▶ [Assigned task] Repeat the records word for word, excluding any picture.

(Items from a dataset)
___
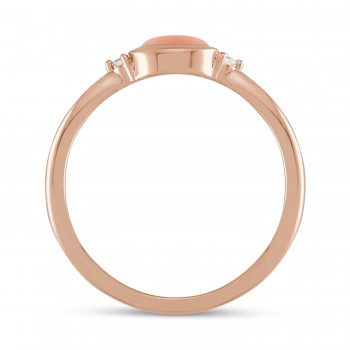 Oval Natural Cabochon Pink Coral & Diamond Ring 14K Rose Gold (0.53ct)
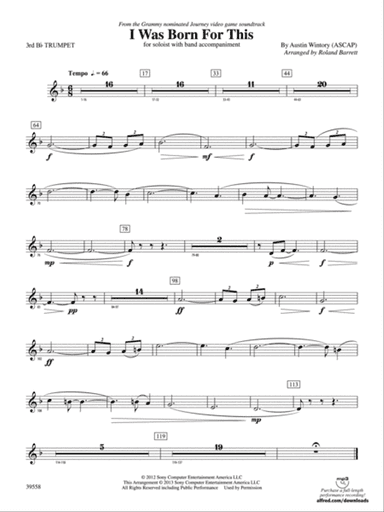 I Was Born for This: 3rd B-flat Trumpet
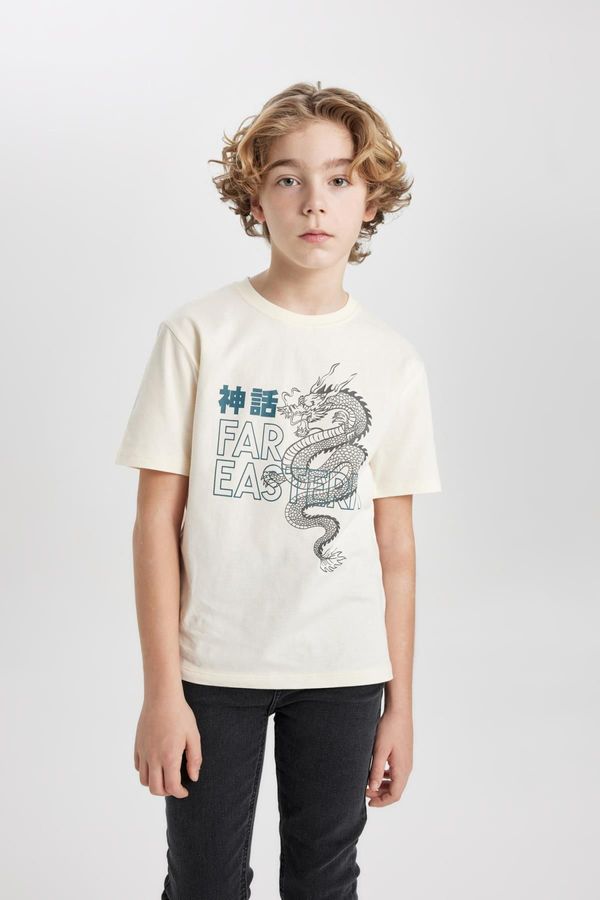 DEFACTO DEFACTO Boys' Crew Neck Printed Short Sleeve T-Shirt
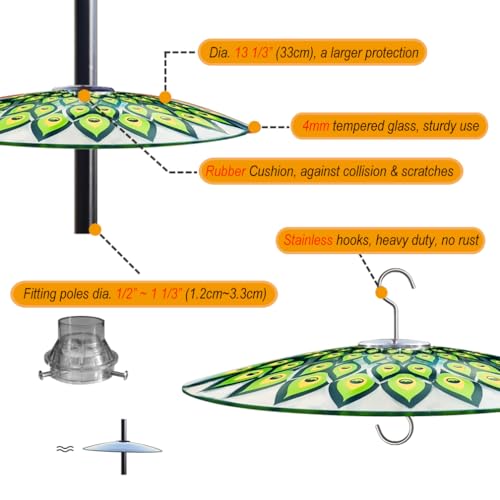 13" Large Glass Rain Cover for Bird Feeder, 2-Pack Peacock Weather Guard | Stainless Hooks Squirrel Baffle Dome, Dual Use Protective Shield on Shepherd Pole or Hook Hanging, Bird House Protector, 33cm - color: Peacock Feather, size: 2PC/Pack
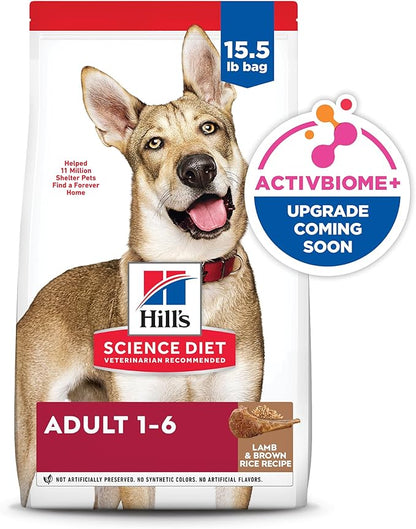 Hill's Science Diet Adult 1-6 Premium Nutrition Dry Dog Food, Lamb & Brown Rice, 15.5 lb. Bag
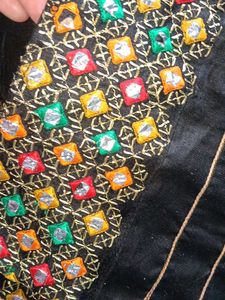 Black Kurta Set with Embellished Neckline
___
▶ [Response]
 Oval Natural Cabochon Pink Coral & Diamond Ring 14K Rose Gold (0.53ct)
 I Was Born for This: 3rd B-flat Trumpet
 DEFACTO DEFACTO Boys' Crew Neck Printed Short Sleeve T-Shirt
 13" Large Glass Rain Cover for Bird Feeder, 2-Pack Peacock Weather Guard | Stainless Hooks Squirrel Baffle Dome, Dual Use Protective Shield on Shepherd Pole or Hook Hanging, Bird House Protector, 33cm - color: Peacock Feather, size: 2PC/Pack
 Hill's Science Diet Adult 1-6 Premium Nutrition Dry Dog Food, Lamb & Brown Rice, 15.5 lb. Bag
 Black Kurta Set with Embellished Neckline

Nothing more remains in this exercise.